WORK INSTRUCTION
Read the data below. Every line holding the string "POLO" must be copied.

PROVIDED RECORDS

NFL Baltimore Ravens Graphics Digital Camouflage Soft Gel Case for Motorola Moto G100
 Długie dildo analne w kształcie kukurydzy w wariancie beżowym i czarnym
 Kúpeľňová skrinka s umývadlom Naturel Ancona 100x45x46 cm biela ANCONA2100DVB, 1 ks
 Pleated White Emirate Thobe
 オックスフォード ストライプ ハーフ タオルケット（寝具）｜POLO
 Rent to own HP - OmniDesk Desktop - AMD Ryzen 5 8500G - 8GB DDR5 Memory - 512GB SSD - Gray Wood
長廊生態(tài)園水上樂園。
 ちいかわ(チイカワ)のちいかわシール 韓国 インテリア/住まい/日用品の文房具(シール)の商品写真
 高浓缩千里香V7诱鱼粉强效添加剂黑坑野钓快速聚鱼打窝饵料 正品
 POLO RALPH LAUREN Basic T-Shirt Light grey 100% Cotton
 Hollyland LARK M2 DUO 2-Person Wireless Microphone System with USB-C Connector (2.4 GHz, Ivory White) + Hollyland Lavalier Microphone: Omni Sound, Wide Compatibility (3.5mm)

THE ANSWER
 オックスフォード ストライプ ハーフ タオルケット（寝具）｜POLO
 POLO RALPH LAUREN Basic T-Shirt Light grey 100% Cotton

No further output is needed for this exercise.